Schließlich greifen auch die Wahrscheinlichkeitserwägungen der Klägerin nicht, die sie aus dem Fehlen einer häuslichen Ansteckungsquelle herleitet, weil sich sonst auch ihre Geschwister angesteckt hätten. Abgesehen davon, daß solche Wahrscheinlichkeitserwägungen den gesicherten Erkenntnissen über die regelmäßigen Inkubationszeiten entgegenstehen, schenkt die Klägerin den Wissenschaftsergebnissen über die epidemiologische Situation der Hepatitis-B-Erkrankung nicht genügend Beachtung, daß bei 0,4% bis 1% der einheimischen Bevölkerung chronische HBs-Antigenträgerschaft vorliegt und bei über 50% der akut Erkrankten die Infektionsquelle unbekannt bleibt.

23

Angesichts dessen sprechen zugunsten der Klägerin weder die Grundsätze des Indizienbeweises noch gar des Anscheinsbeweises. Das gilt auch unter dem von der Klägerin erhobenen Vorwurf der ungenügenden Dokumentation betreffend Hygienemaßnahmen und der Wundversorgung. Routinemaßnahmen sind ohnehin nicht zu dokumentieren.
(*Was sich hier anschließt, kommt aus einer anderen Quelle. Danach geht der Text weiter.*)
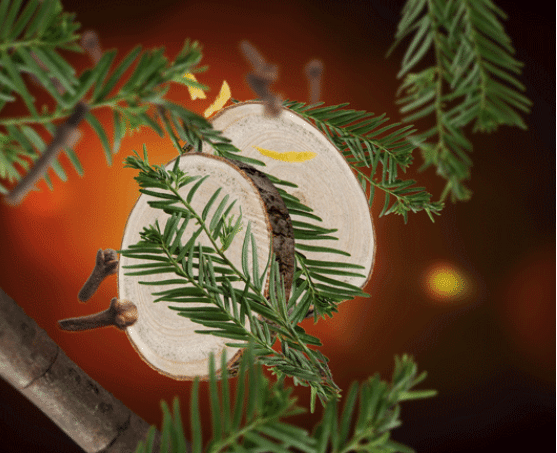 Lampe Berger navulling Virginia Cedarwood 500 ml - Afbeelding 3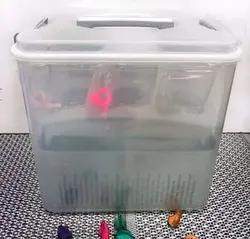 سرویس چای خوری6نفره34پارچه صدف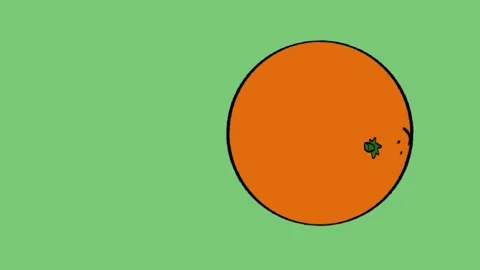 Orange Stock Footage 171773261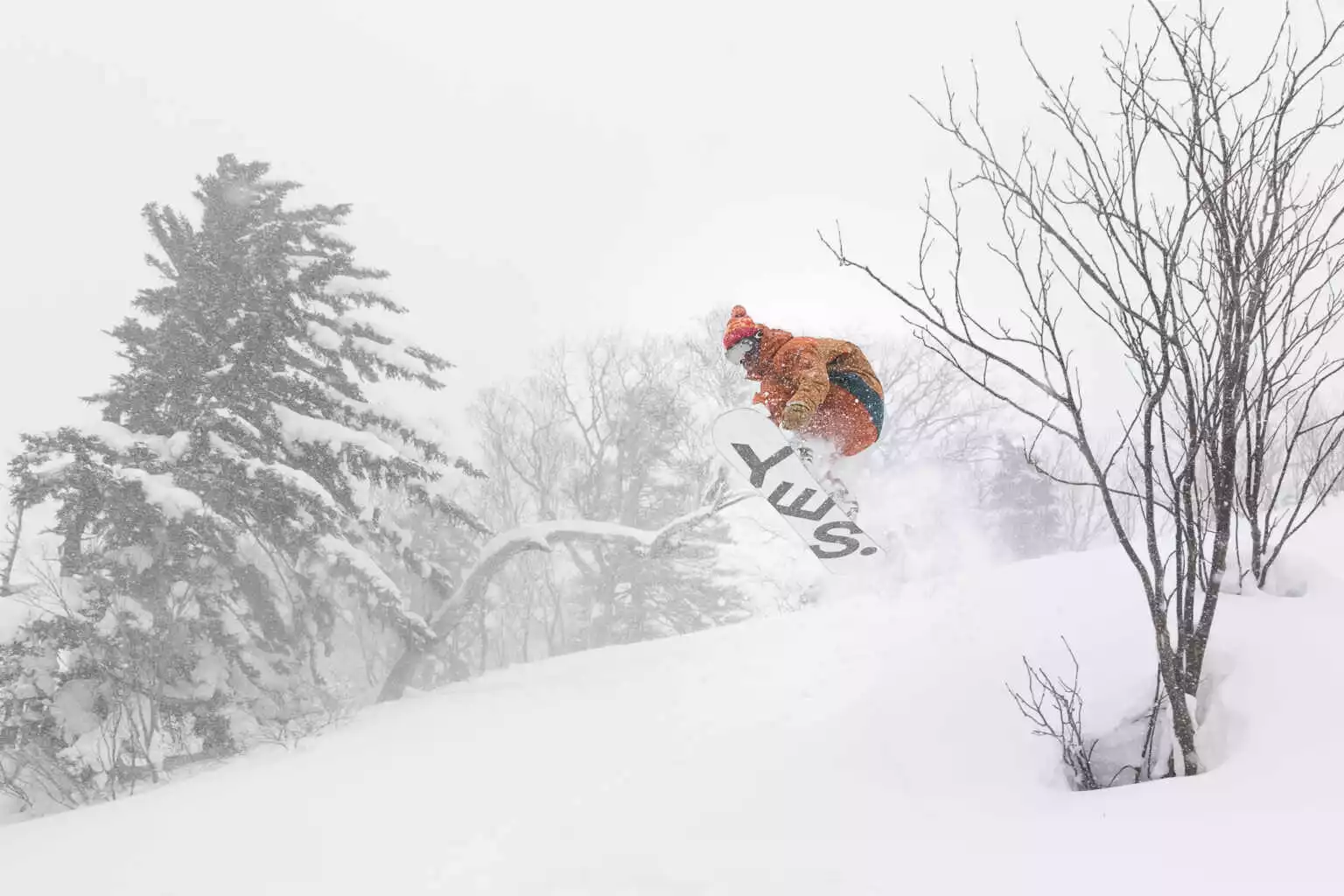 Ski Snowboard By Niseko Photography 4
Über beide Wege ist - wie durch die Ausführungen des Sachverständigen überzeugend belegt - eine Förderung der Übertragungsmöglichkeit zudem eher unwahrscheinlich.

24

Die Anhörung des Sachverständigen Prof. xxx hat demgegenüber nichts ergeben, das eine andere Beurteilung nahelegen könnte.

25

Auch unter Berücksichtigung der sich aus der Krankenakte ergebenden gegenüber der schriftlichen Begutachtung neuen Umstände, daß bei Axxx. am 18.07.1986 das hohe Infektiosität anzeigende HBe-R/A nachgewiesen und die Wundversorgung der Klägerin am Tag ihrer Beinverletzung auch vom leitenden Oberarzt der Beklagten zu 1) als nicht optimal bezeichnet worden ist, vermochte der Sachverständige mehr als die bereits im schriftlichen Gutachten festgestellte Möglichkeit der Überträgereigenschaft der Axxx. für die Klägerin nicht zu bestätigen. Das ist angesichts der für diese Krankheit verschiedenen realistischen Übertragungsmöglichkeiten überzeugend. Weitergehende vorbeugende Hygienemaßnahmen waren auch bei Zugrundelegen dieser beiden vorgenannten Umstände - das hat der Sachverständige ebenfalls bestätigt - nicht zu ergreifen. Das Unterlassen antigenetischer Subtypenbestimmung, mit der ggfls. ein Ausschluß des Übertragungsweges von Axxx. hätte erreicht werden können, ist den Beklagten ebensowenig vorzuwerfen. Diese Maßnahmen gehören auch nach den Besonderheiten der zu beurteilenden Fallgestaltung nicht zu dem medizinisch zu fordernden Behandlungs- und Versorgungsstandard.

26

Auf dieser Grundlage war die Berufung mit den Nebenfolgen aus §§ 97 Abs. 1, 708 Nr. 10, 711, 713, 546 Abs. 2 ZPO zurückzuweisen.